Member of the Arkansas House of Representatives from the 100th district (Previously 1st district)
- Incumbent
- Assumed office January 1, 2017
- Preceded by: Prissy Hickerson

Personal details
- Born: 1975 (age 50–51)
- Party: Republican
- Spouse: John
- Children: 2

= Carol Dalby =

American politician

Carol Dalby serves as the 100th District (previously 1st District) representative for the Arkansas House of Representatives, representing Texarkana.

== Early life ==
She attended Arkansas High School and Ouachita Baptist University for undergraduate degree before earning a Master's from East Texas State University (now Texas A&M). She went on to earn a Juris Doctor from the University of Arkansas School of Law in Fayetteville.

== Career ==
Dalby has served on several boards and commissions, including as president of the Texarkana Arkansas School District board of directors, University of Arkansas Alumni Association, Texarkana Resources for the Disabled, Texarkana Chapter of the Red Cross, and the Texarkana Library Commission.

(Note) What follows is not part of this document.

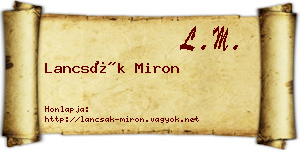 Lancsák Miron névjegykártya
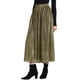 thumbnail image 4 of Falda metálica brillante de mujer INSPIRE CHIC, falda midi acampanada con brillo para fiestas, cintura alta y plisada, 4 of 5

She was the first woman to chair the House Judiciary Committee. She is also member of the board for Arkansas Women for Education, Women for Texas A&M, Texarkana Regional Center on Aging and Texarkana Friends of UAMS. She has been president of the Texarkana Regional Arts Council/Women for the Arts; President of the Library Commission, and Chair of the local Red Cross.

She has sponsored bills that add domestic violence as grounds for divorce, funding domestic violence shelters, and congratulating the girl's high school bowling team from Texarkana on their state championship victory.

She was awarded the Texarkana Arkansas School District distinguished alumni award in 2019 for her work in the community, including support of the stadium renovation to and construction of a new school.